== Activity ==
In the listing that follows, the range to quote begins at the line that has "Honda Inspire" and ends after the line that has "2026 Toyota bZ Woodland bZ Woodland Premium"; quote it verbatim and add nothing.
-*-
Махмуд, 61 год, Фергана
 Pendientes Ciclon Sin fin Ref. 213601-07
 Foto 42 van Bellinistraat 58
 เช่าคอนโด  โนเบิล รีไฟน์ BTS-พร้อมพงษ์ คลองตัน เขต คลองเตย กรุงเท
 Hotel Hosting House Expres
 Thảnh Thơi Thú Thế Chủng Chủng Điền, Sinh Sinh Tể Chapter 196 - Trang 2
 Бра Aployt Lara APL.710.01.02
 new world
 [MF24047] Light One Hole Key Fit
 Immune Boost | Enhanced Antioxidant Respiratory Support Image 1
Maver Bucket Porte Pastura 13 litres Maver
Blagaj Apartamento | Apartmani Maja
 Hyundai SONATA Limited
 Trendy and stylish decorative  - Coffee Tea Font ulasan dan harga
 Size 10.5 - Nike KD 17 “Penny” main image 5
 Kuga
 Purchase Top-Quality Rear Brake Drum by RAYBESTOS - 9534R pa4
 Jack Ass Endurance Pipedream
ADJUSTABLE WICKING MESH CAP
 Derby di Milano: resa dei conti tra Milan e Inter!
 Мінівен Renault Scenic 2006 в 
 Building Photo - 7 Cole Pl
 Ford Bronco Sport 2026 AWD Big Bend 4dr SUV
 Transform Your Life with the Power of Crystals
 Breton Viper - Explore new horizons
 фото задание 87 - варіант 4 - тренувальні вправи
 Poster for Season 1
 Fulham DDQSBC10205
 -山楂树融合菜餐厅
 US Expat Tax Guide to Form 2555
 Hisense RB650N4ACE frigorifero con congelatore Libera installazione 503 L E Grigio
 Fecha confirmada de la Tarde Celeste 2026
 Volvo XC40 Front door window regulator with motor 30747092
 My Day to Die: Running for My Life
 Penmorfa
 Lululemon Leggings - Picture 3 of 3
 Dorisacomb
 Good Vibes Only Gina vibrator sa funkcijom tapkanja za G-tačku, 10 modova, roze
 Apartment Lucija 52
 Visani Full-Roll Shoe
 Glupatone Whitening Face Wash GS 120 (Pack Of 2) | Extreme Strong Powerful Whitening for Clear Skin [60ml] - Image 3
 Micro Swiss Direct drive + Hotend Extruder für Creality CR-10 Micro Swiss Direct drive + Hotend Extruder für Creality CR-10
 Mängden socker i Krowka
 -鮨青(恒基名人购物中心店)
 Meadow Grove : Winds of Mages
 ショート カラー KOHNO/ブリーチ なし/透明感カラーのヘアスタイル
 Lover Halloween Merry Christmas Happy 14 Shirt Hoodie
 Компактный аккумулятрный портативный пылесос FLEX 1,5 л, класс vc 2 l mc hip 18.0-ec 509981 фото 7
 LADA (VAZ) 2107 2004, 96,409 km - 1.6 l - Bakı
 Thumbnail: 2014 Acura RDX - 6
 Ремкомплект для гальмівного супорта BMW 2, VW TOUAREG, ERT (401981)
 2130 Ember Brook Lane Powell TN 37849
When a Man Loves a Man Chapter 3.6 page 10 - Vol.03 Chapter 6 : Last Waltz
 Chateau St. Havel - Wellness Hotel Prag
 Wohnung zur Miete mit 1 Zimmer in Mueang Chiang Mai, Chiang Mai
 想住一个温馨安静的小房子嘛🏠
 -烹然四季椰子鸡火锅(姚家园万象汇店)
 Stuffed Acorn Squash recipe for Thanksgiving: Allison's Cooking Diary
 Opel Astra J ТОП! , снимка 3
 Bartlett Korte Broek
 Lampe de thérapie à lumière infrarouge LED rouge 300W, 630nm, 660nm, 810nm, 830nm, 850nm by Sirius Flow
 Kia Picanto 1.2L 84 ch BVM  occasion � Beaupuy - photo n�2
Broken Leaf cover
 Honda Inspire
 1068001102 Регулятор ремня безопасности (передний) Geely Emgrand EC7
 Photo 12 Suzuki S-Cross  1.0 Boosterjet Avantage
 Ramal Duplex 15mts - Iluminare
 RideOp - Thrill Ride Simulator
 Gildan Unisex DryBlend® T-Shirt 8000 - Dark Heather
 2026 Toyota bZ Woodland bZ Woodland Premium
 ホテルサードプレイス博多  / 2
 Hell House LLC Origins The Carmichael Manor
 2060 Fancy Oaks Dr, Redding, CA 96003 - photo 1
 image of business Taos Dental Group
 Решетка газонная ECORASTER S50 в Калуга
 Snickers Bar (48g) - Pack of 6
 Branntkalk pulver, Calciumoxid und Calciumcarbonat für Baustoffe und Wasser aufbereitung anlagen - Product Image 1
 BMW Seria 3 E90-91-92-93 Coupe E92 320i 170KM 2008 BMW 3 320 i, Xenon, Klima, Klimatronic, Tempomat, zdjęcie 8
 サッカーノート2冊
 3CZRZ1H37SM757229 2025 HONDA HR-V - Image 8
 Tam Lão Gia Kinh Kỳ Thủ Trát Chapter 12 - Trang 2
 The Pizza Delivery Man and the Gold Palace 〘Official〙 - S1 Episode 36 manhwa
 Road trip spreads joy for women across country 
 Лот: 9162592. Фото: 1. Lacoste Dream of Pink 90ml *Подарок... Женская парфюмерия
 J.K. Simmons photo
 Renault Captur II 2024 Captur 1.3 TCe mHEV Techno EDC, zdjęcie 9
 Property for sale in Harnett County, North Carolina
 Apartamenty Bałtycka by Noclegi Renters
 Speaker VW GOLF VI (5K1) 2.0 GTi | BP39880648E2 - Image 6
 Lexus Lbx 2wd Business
-*-
== Your solution ==
 Honda Inspire
 1068001102 Регулятор ремня безопасности (передний) Geely Emgrand EC7
 Photo 12 Suzuki S-Cross  1.0 Boosterjet Avantage
 Ramal Duplex 15mts - Iluminare
 RideOp - Thrill Ride Simulator
 Gildan Unisex DryBlend® T-Shirt 8000 - Dark Heather
 2026 Toyota bZ Woodland bZ Woodland Premium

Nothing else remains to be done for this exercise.